The American Academy of Neurology recommends limiting cognitive and physical effort and prohibiting sports involvement until a concussed individual is asymptomatic without using medication. However, this level of physical, cognitive and social inactivity represents a lifestyle change with its own risk factors, including social isolation, depression and increased incidence of suicidal ideology, the researchers noted.
In addition, cognitive rest often involves limiting screen stimulation associated with popular modes of interpersonal interaction, such as text messaging and social networking on digital platforms, including Facebook, Twitter, Instagram and multiplayer video gaming, thereby blocking common avenues for social connection.
“Teens who’ve had a concussion are told not to use media or screens, and we wanted to test if it was possible for them to use screens just a little bit each day, and get the bang for the buck with that,” Worthen-Chaudhari said. “The app rewrites things you might be frustrated about as a personal, heroic narrative. So you might start out feeling ‘I’m frustrated. I can’t get rid of this headache,’ and then the app helps reframe that frustration to ‘I battled the headache bad guy today. And I feel good about that hard work’.”
Concussion symptoms can include a variety of complaints, including headaches, confusion, depression, sleep disturbance, fatigue, irritability, agitation, anxiety, dizziness, difficulty concentrating or thinking clearly, sensitivity to light and noise, and impaired cognitive function.
Within the SuperBetter app, symptoms were represented as bad guys such as headaches, dizziness or feeling confused, and medical recommendations were represented as power ups, including sleep, sunglasses or an academic concussion management plan. Participants invited allies to join their personal network in the app and they could view their in-app activity and could send resilience points, achievements, comments and personalized emails in response to activity.
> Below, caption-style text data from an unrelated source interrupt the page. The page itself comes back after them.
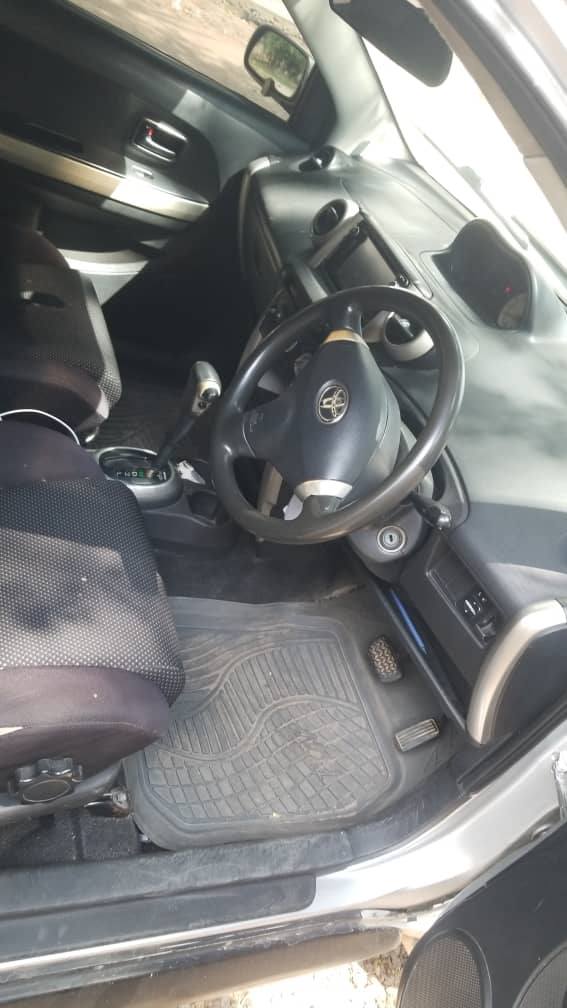 A picture of TOYOTA IST FULL AC FULL DOC M 8.7 CHAP 0745999208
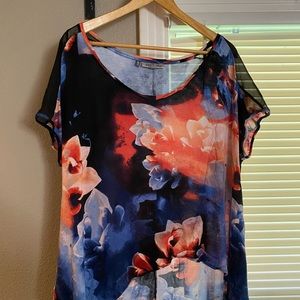Jennifer Lopez L Floral Scoop Neck Top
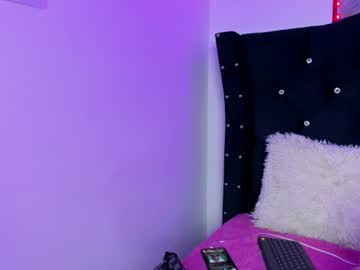 Lisa_Silver_Star Chaturbate stream image from June 17, 2026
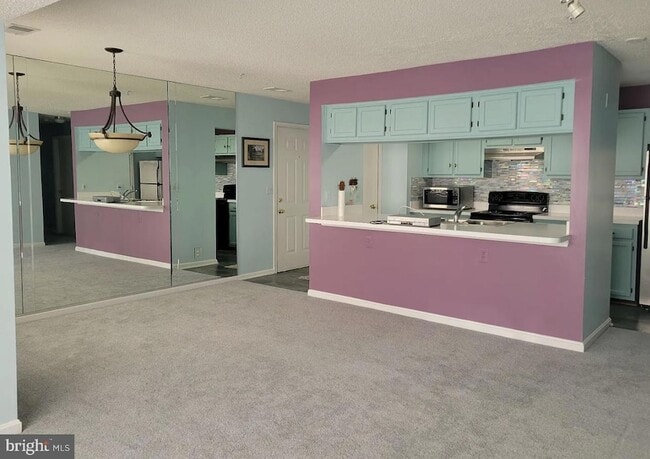 Building Photo - 2806 Clear Shot Dr Unit 3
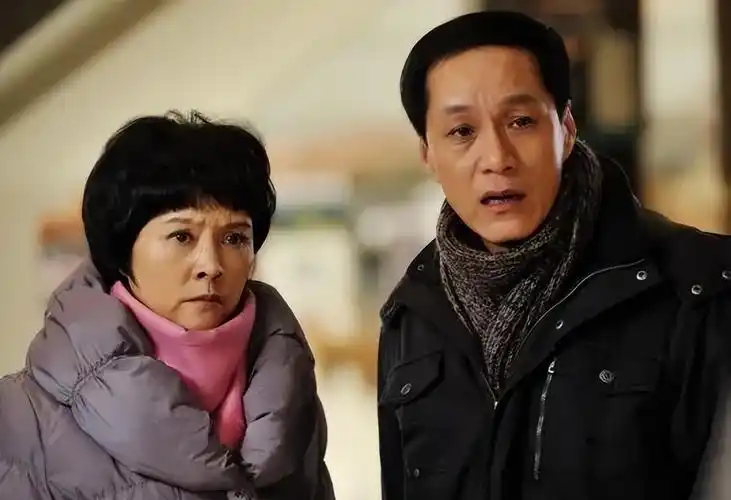 回顾演员冯远征娶二婚梁丹妮相携到白头60岁无儿无女亦无悔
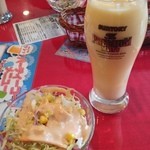 ニュープラシッダ - マンゴーラッシーとサラダ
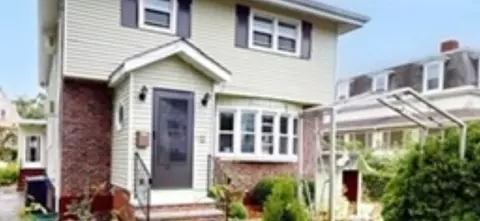 123 Central St, Somerville, MA 02145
“Since 2005, the rate of reported concussions in high school athletes has doubled, and youth are especially at risk,” said study collaborator Dr. Kelsey Logan, director of the division of sports medicine at Cincinnati Children’s. “Pairing the social, mobile app SuperBetter with traditional medical care appears to improve outcomes and optimism for youth with unresolved concussion symptoms. More study is needed to investigate ways that leveraging interactive media may complement medical care and promote health outcomes among youth with concussion and the general population.”